To do the analogous calculation for interactions, use
-qij
and each unique pair of SNPs will be tested, with the results written to "gedi.qij." If you use -pij, asymptotic p-values will be printed to "gedi.pij." In contrast to single-SNP p-values, interaction tests based on null sampling are often feasible. The output format is identical to the parameter output in CL (except the absence of the header line), with single locus (p-values) and pairwise q_ij-statistics as the diagonal and off-diagonal elements, respectively. If you want q_i on the diagonal, use
-qij -qi
These calculations are parallized; each single-SNP and interaction calculations will be distributed to available cores when run with mpirun.

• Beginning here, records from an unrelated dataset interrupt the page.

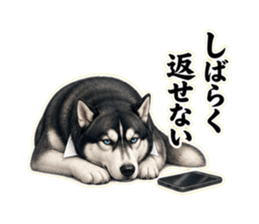 LINEスタンプ「しばらく返せない」のサンプル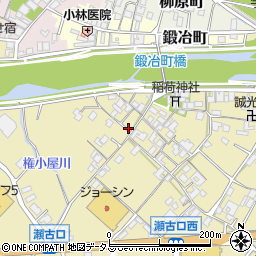 三重県名張市瀬古口84周辺の地図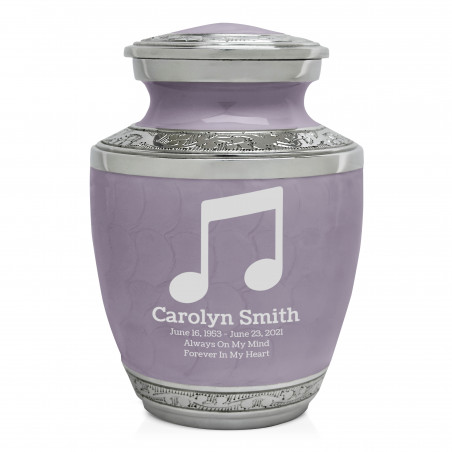Music Note Sharing Urn - Regal Purple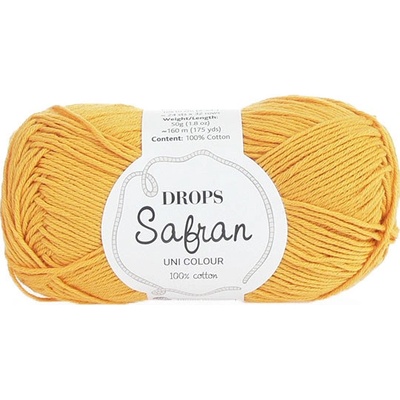Příze DROPS Safran 11- žlutá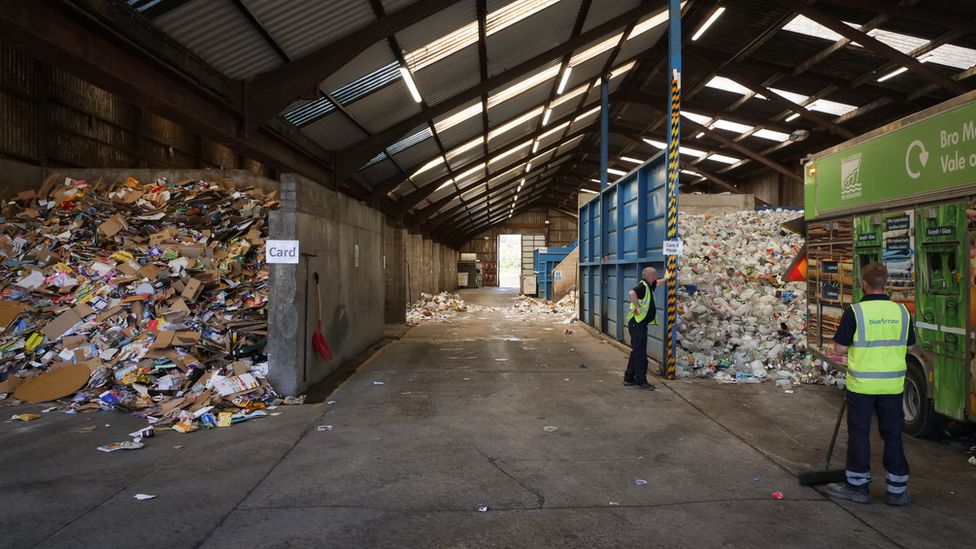 The recycling centre in Vale of Glamorgan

To estimate interaction p-values, one can first perform the q_ij calculation above, and then sample the null distribution using bootstrap resampling:
$ gedi -cl --bfile file --pcut 1 -genotypic -boot --seed 1 -qij
where
-boot
causes the phenotypes of individuals to be shuffled randomly. The option
--seed 1
sets the random number seed (positive integer). This process needs to be repeated many times to construct the null distribution of each q_ij value. One can use a shell script varying the argument of --seed like this:
$!/bin/bash
n=1
while [ $n -le 100 ]; do
gedi -cl --bfile file --pcut 1 -boot --seed ${n} -qij
mv gedi.qij gedi_${n}.qij
let n=n+1
done
Note the use of "--pcut 1"; this is to insist that GeDI select all supplied SNPs, assumed to be pre-selected and written to "file.bed." Otherwise, GeDI will calculate IL p-values of the SNPs, which will turn out to be close to 1 because of -boot, and reject most of them.